RECORDED DATA:

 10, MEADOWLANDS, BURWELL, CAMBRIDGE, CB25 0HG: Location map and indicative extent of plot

...

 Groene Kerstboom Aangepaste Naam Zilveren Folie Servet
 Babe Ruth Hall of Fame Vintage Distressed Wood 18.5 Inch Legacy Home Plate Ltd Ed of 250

TASK BRIEF:
Out of the data above, transcribe exactly and only the lines starting with the line that has "Groene Kerstboom Aangepaste" and going on through the line that has "Babe Ruth Hall", both included.

RESPONSE BELOW:
 Groene Kerstboom Aangepaste Naam Zilveren Folie Servet
 Babe Ruth Hall of Fame Vintage Distressed Wood 18.5 Inch Legacy Home Plate Ltd Ed of 250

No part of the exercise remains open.